Ja, es gibt einen zunehmenden Ausgrenzungsdruck. In der Zeitung erscheinen plötzlich Bilder von Prostituierten, die HIV-positiv sind. Dieses Land ist so geschunden, dass sich politisch radikale Stimmen durchsetzen, die sagen: Was sollen wir denn jetzt auch noch für HIV-positive Prostituierte zahlen? Das wäre in Deutschland undenkbar. Es gibt klare Tendenzen der Verrohung. Insofern kann ich mir auch gut vorstellen, dass ein Krankenhaus sagt, wir behandeln dich nicht.
Wie kritisch sehen Sie die Zukunft dieses Landes?

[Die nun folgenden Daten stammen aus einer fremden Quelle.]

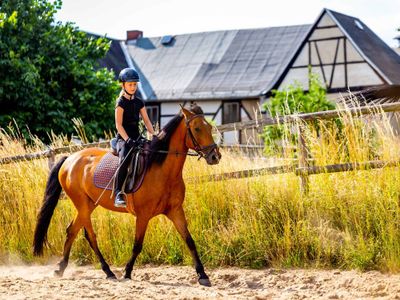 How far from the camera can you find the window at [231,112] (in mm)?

Ausgrenzungstendenzen haben wir immer und überall. Auch bei uns in Deutschland. Aber der Punkt ist, dass Solidarität wichtig ist für den Erhalt von Demokratie und von Kultur und von innerem Frieden in einem Land. Diese Veränderungen spalten das Land. Die reichen Griechen juckt das nicht. Wenn Sie durch einen Stadtteil in Athen gehen, dann sehen Sie, jeder zweite, dritte Laden hat dichtgemacht, weil er die Miete nicht mehr zahlen konnte. Und dann gehen Sie drei Straßen weiter und Sie stehen vor den riesigen Luxusläden. Das erinnert mich ein bisschen an Teheran oder an andere Metropolen außerhalb Europas, wo es noch diese extremen Brüche gibt. Das kennen wir hier so eigentlich nicht mehr. Genau das setzt jetzt aber in Griechenland ein. Es ist ein Indikator dafür, dass eine Gesellschaft auseinanderzufallen droht. Wenn man es nicht schafft, die Radikalisierung mit sozialer Sicherung, mit Bildung und Kultur ein Stück weit aufzufangen - nicht zu harmonisieren -, dann laufen die Menschen in die radikalen Parteien, häufiger nach rechts als nach links. Das ist eine Spaltung, die Griechenland jetzt schon erfährt. Und das wird schlimmer werden.
Können Hilfsorganisationen zur Besserung der Lage beitragen?
Kaum. Wir können die Entwicklung nicht im Ansatz aufhalten.
Mit Hans-Joachim Zenker sprach Diana Dittmer.